Две души — ach, zwei Seelen leben in meiner Brust, die eine von der andere will nicht sich trennen[125]. Таков, быть может, наиболее яркий штрих и русской психологии, и русского искусства. У нас есть начало пушкинское, начало гармонической правды, ясного приятия мира со всем его неизбежным злом, но и с оптимистическим убеждением, что жизнь для жизни нам дана. Хотя она и дар случайный, и дар напрасный. И есть другое начало — мучительное и мучащее, истерическое, надрывное, не только чуждое гармонии, но и намеренно нередко обостряющее, дисгармоническое, чтобы подчеркнуть «учительность».

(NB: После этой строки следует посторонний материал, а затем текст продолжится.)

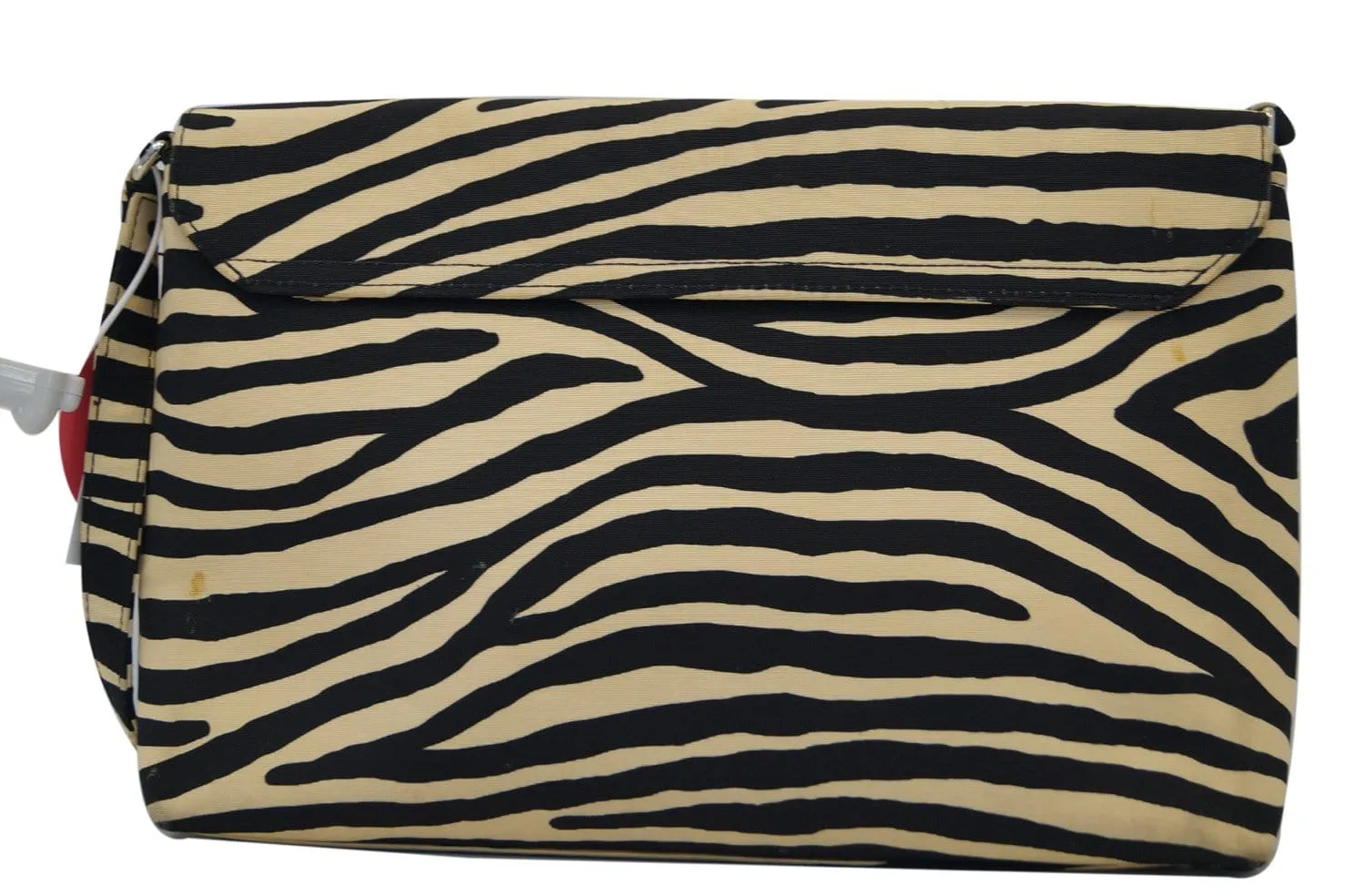 Kate Spade Zebra Print Canvas Shoulder Bag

В этом соединении несоединимого — реализма с «учительностью» (этот термин заимствован мною у С. А. Венгерова[126]) — и заключается часто фальшь русского искусства. Невозможно быть одновременно и реалистом и учителем. Нельзя глубоко обнимать мир сущий и в то же время видеть в нем грех: «грех ты мой», как говорит Катерина в «Грозе». «Грех ты мой» — объявляет всему миру лакомый до жизни Л. Толстой — самый типичный и яркий образец гениального художественного лицемерия. И русская сцена знала не мало таких явлений. Поразительная, порою исступленная правда обнажения души, как, например, у Стрепетовой, — и рядом какое-то оскорбительное неряшество в обращении с тем, к чему в данный момент душа взывает. У Савиной этого не было. Савина была ясная, у нее было огромное чувство ответственности перед теми образами, которые она {158} создавала на сцене. Она не знала, не чувствовала и не понимала сложных и запутанных соединений отшельничества с искушением, фантазии с ренегатством, любви со злобой, страсти с истерией. Она играла в «Идиоте» Настасью Филипповну прекрасно, — но «инфернальности» у нее не было ни на волос. Этого она не могла. И замечательной чертой Савиной было то, что она вполне искренне и откровенно об этом заявляла. Ей очень хотелось сыграть фру Альвинг в «Привидениях», но все же она отказалась от этого намерения. «Не могу, не умею, не чувствую», — говорила она. «Да что же в Альвинг такого мудреного?» — спрашивал я. «Да и мудреного особенно ничего нет, — а есть туман какой-то, и потом, — прибавляла она очень серьезно, — я вообще плохо чувствую сердце матери».